The Moon Callisto:
Geologically Dead



The image on the right (Ref) shows the moon Callisto, the fourth Galilean satellite. Callisto, like Ganymede and Europa, is covered by a frozen water ocean, but unlike the other Galilean satellites, Callisto is saturated with craters, suggesting very old terrain. There is no evidence for plate tectonics.

Maximal Cratering Density

The image above left (Ref) shows a closeup with more detail of the heavy cratering. The cratering density on Callisto is essentially maximal, meaning that no higher density of craters could be formed because the formation of a new crater would on the average destroy one old crater.

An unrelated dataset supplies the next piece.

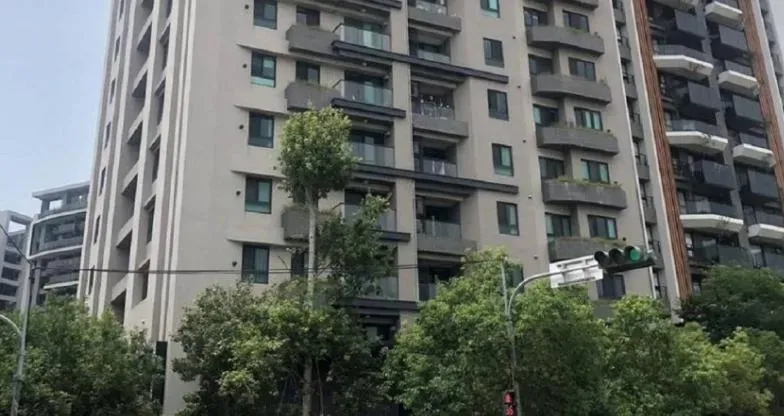 5億高中生/墜樓現場清潔阿姨：夏男曾要給3千當結婚證人被我拒絕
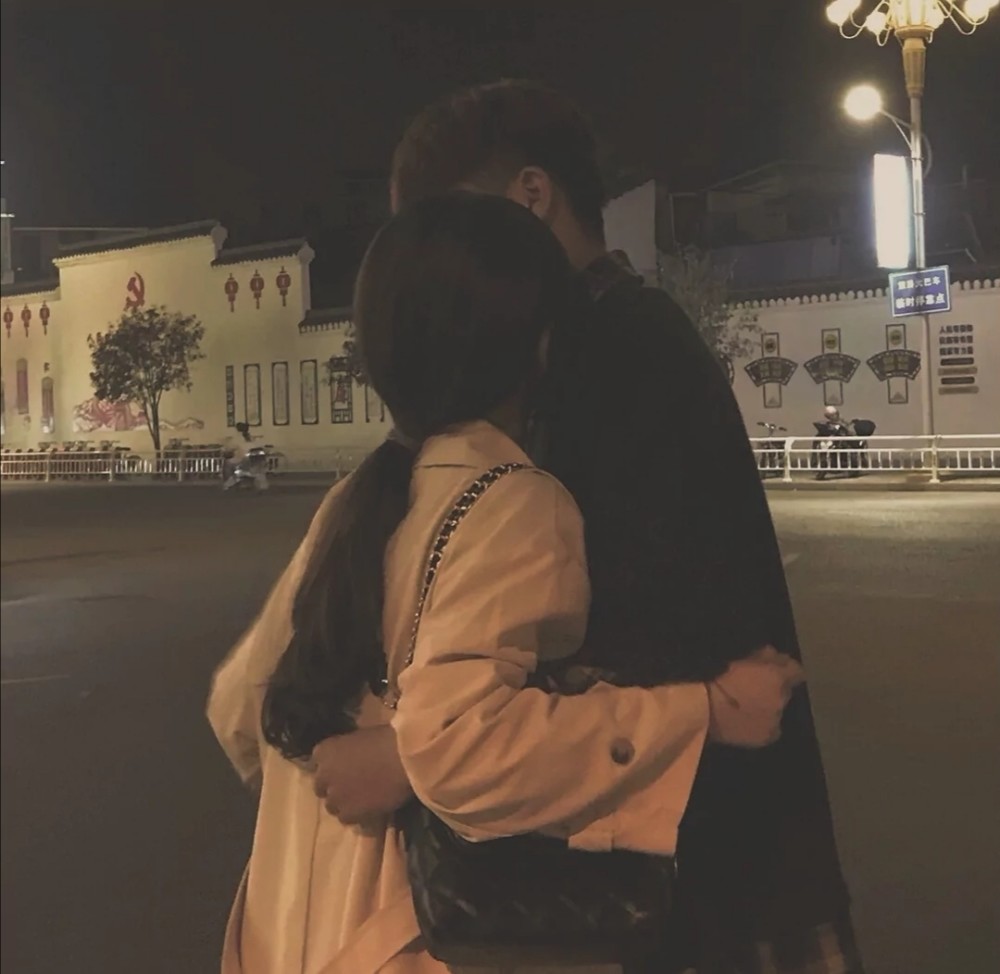 情头001:什么也瞒不过恋人的眼睛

The Valhalla Impact Crater

The image on the left (Ref) shows an enormous impact feature on Callisto called Valhalla. This gigantic meteor impact basin appears to have concentric waves around it with a diameter of about 3000 km. It is likely that the waves were formed when the surface ice was melted by a gigantic meteor impact and then quickly refroze, capturing the waves in a refrozen ice surface.

History of Callisto

Callisto, the most distant Galilean satellite, is only weakly influenced by Jupiter-induced tides. The evidence suggests that the crust of Callisto probably froze as it was formed, and essentially nothing has happened geologically on Callisto for 4.5 billion years except for the influence of large and small meteor impacts.